Binary or not, enabling natural hand motions as an interface for a mixed reality application, without the aid of tracked-hand controllers, is a significant accomplishment. The Leap Motion VR peripheral provides similar capabilities, but Farkas was quick to point out the hand tracking in Spectacle is nowhere near as robust as what that accessory provides. Spec2

The creation of the app, for Farkas, was something of a happy accident and its development was driven by the studio’s desire to create a broad-appeal VR application.

“We sort of stumbled into AR actually. We had been testing several different ideas and just sort of stumbled across how fun AR was,” he said. “A lot of people in our lives don’t really get VR/AR. They always ask about practical value. So, our hope was to create something that has a mass market appeal,” Farkas said.

Farkas cites Samsung’s ongoing S7 pre-order Gear VR giveaway as something that is driving the necessity for the creation of more entry-level applications.

“The era of mass market VR is already here … I’ve never seen a demand for anything like I’ve seen for VR these past few years,” Farkas said.

In addition to Spectacle, Cubicle Ninjas is also working to release Guided Meditation VR – a VR application that teaches and encourages deeper and more intense forms of meditation. That experience is being created for the Oculus Rift and HTC Vive as well as the Gear VR.
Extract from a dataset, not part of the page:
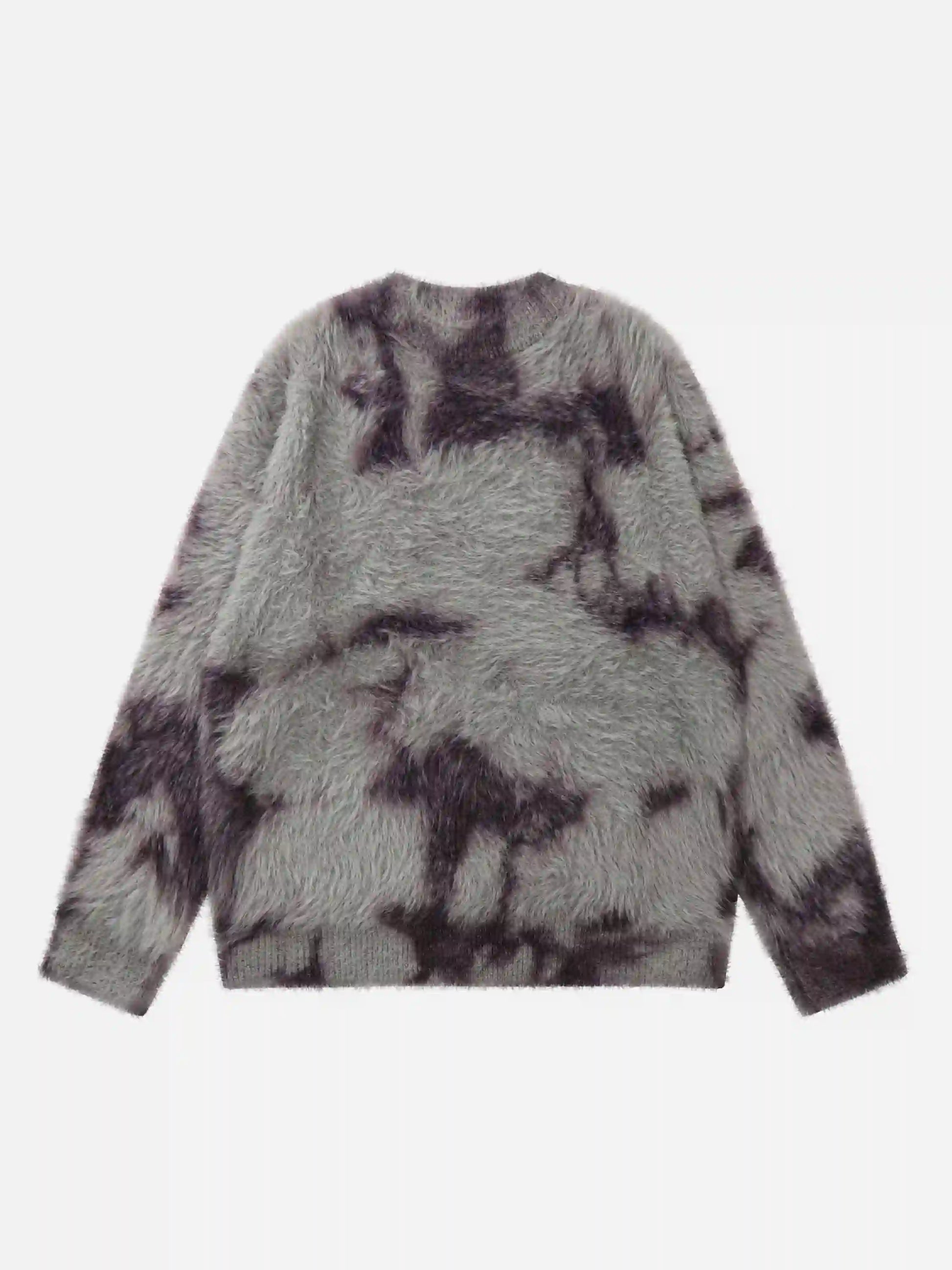 Disguisen Mohair Tie-dye Design Sweater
The studio hopes to see both applications released in the next month, and is also working on a “top-secret” third project that Farkas said “will be a multiplayer game.”

The price for these experiences has not been set yet, but Farkas did say Spectacle will most likely cost a flat rate “around $3” that includes all 50 filters right off the bat. Users will be able to capture and share photos of their AR filtered experiences as well.